Slaiman: Yeah, so I think it is. It’s important to understand a little bit about how search engines compete with each other, or really, are not competing is what we’re seeing today. But the data that a search engine gets from each search that happens each day is really important for making the search engine effective. As a user, you know, we want to see the most relevant results. And the way the search engine determines that depends a lot on the data that they’re learning about who clicks on what result. So being able to purchase customers through these default contracts is a really important way for a new search engine to get started and become more and more effective. So Google has been able to prevent competitors from getting the kind of market share they would need to build a really strong search engine because they’re not able to get that information about what the right results are. That makes it a lot harder for anybody else to provide a really great product.
Ben-Achour: Now, Google, one of Google’s attorneys, was saying that regulators are misunderstanding the market, that we shouldn’t be comparing Google to Bing and Yahoo.
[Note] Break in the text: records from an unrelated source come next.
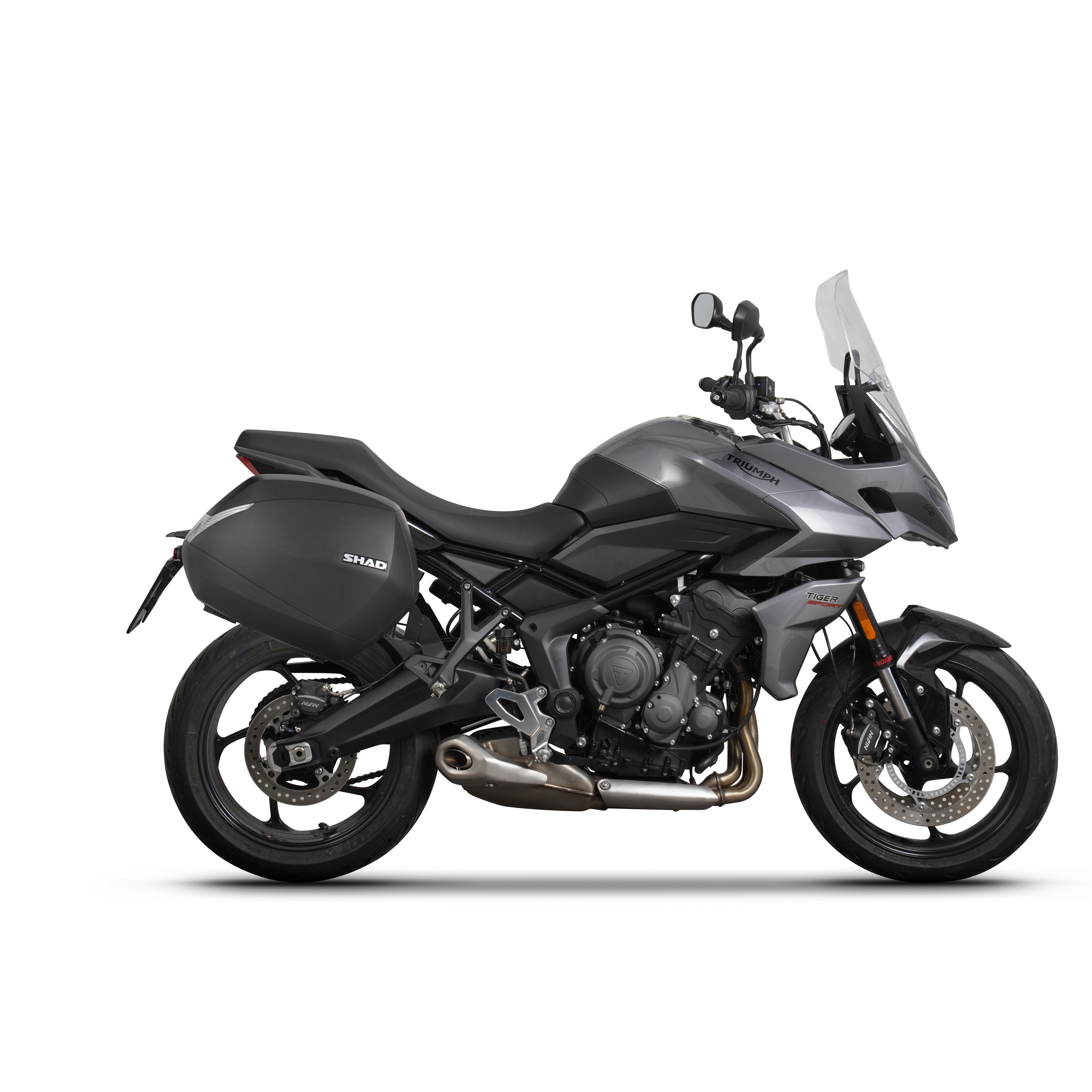 3P SYSTEM TRIUMPH TIGER 660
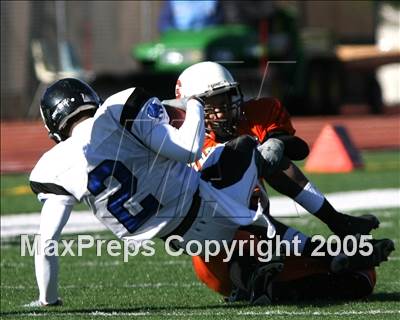 Thumbnail 1 in Grandview @ Gateway (State Playoffs) photogallery.
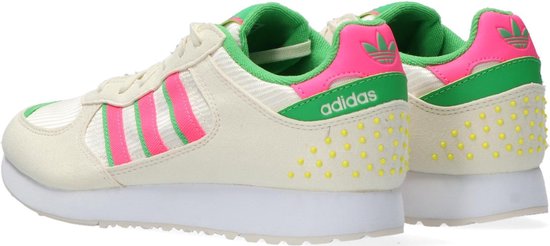Adidas Dames Lage sneakers Special 21 W - Multi - Maat 40 | bol.com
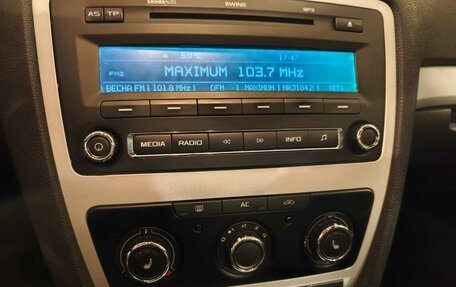 Skoda Octavia, 2011 год, 1 100 000 рублей, 6 фотография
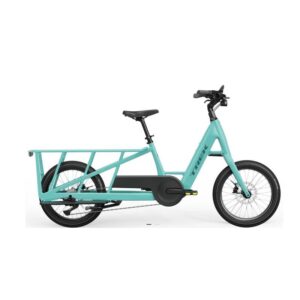 Vélo cargo électrique Trek Fetch+ 2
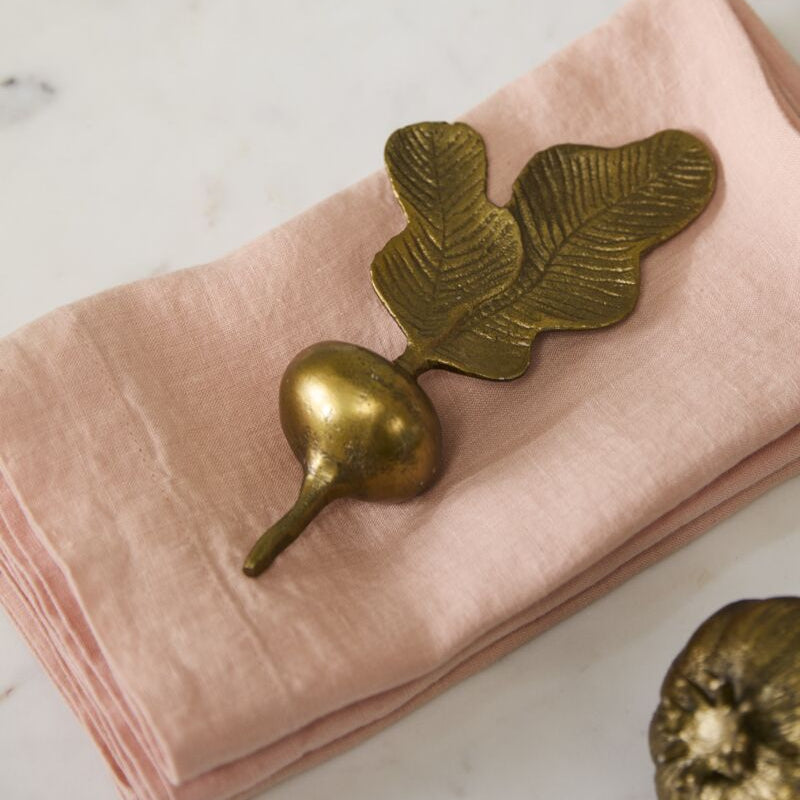 Gilded Veggie Radish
We should be comparing Google to Amazon, and almost the entirety of the internet, because, you know, you can buy things or look for things not just using Google. How compelling do you think that argument will be?
Slaiman: Well, you have to say something like that if you have 92% of the search market. All that’s left is to argue that, “That’s not the right market.” So I can see why they’re arguing that. And, you know, that’s a tough question that many antitrust cases really hinge on is defining the market. Certainly, there’s an extent to which, for some users and for some queries, there are multiple options. A lot of shopping queries do begin on Amazon and not on Google. But the search engine, the general search engine, where you can type in any kind of question and expect to get an answer, really is a different kind of product than a specialized search engine, where you go for restaurant reviews or shopping or handmade products. You know, these are all different types of search engines in a way. But that general search, where you can expect an answer for any type of question, really is unique.
Ben-Achour: In traditional antitrust cases, there’s usually a requirement to show some harm to the consumer. Is that demonstrable in this case?
Slaiman: Yeah, that’s a great question. So for most antitrust cases, especially today, we’re in this “rule of reason,” which is a category of antitrust law where the case really does hinge on being able to show a harm to consumers. So one of the hardest types of harm to show is a harm to innovation. But I also think that’s one of the most important harms that we really need to be paying close attention to and investing a lot of our antitrust energy into protecting innovation. But it is hard to show, quantifiably, what types of innovations we are missing out on today because we didn’t have strong competition in general search all this time. You know, showing some ways in which the quality of Google Search has gone down as competitors have, you know, had less of an impact in the market. One thing that we see that’s quantifiable is more ads on the page, seeing less clear indications that a result is an ad so that it’s easier for users to be confused and click on an advertisement thinking that it’s actually what Google has determined is the most relevant using their algorithm. But I also think that we are seeing the quality of the organic results go down. That is so hard to quantify — what types of innovations might have happened. Some innovations that we see in some specialized search is companies that actually go in and do a quality assessment of a result before they surface it to users. That requires a lot more staff. It’s a very different business model. But that can be really effective for some types of things a person might search for. So there’s all kinds of things that we could be missing out on, but I think that can be a difficult part of the case to show that.